La compagnie des tombes
Ce billet édifiant de Catherine Henri, professeure et écrivaine, a été publié sur l’excellent blog de Luc Cédelle, journaliste au Monde, consacré à l’éducation: Interro Ecrite
Avec son aimable aurorisation, nous reproduisons ce texte qui nous entraîne dans un dédale kafkaïen où se mêlent tragédie personnelle, réseau de solidarité, machine administrative, indifférence, mesquinerie… une histoire singulière dans laquelle se reflètent celles de centaines de milliers de personnes essayant de trouver leur chemin en Europe, en Suisse également où le sujet revient régulièrement dans l’actualité grâce au fond de commerce de l’UDC, réussissant à entraîner le reste de la droite dans une fatale course poursuite, à l’instar du radical-libéral argovien Phillip Müller qui demandait encore le 12 juin dernier que tous les apprentis sans papiers de notre pays soient renvoyés … Une histoire de la banalité singulière de ceux que l’on appelle Les Sans Papiers … Une histoire qui nous rappelle encore et encore que derrière le Papier, il y a un individu.
Alors n’oublions pas: personne n’est illégal.
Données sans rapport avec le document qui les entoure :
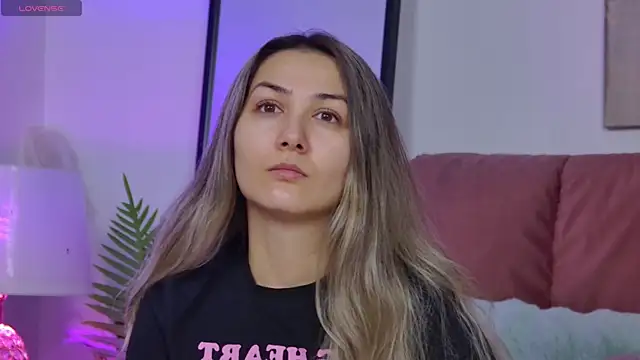 Snapshot of NicolLopeze chatting on November 14, 2025, 6:23 am NicolLopeze online show from November 14, 2025, 6:23 am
C’est une impossibilité ontologique.
Malik Berkati
La compagnie des tombes
La lecture de ce qui suit requiert un lecteur particulier : pas trop sensible (se souvenir de Balzac : « Toutes les horreurs que les romanciers croient inventer sont toujours au dessous de la vérité »), et absolument confiant dans l’honnêteté de son rédacteur : les faits, les dates, les propos rapportés sont rigoureusement exacts. Seuls les noms ont été modifiés car, comme tous les sans-papiers, ceux-là, celles-là, ont honte, ont peur, ne se déplacent que pour aller à l’école et refusent toute sortie, tout divertissement, ne vont pas en vacances.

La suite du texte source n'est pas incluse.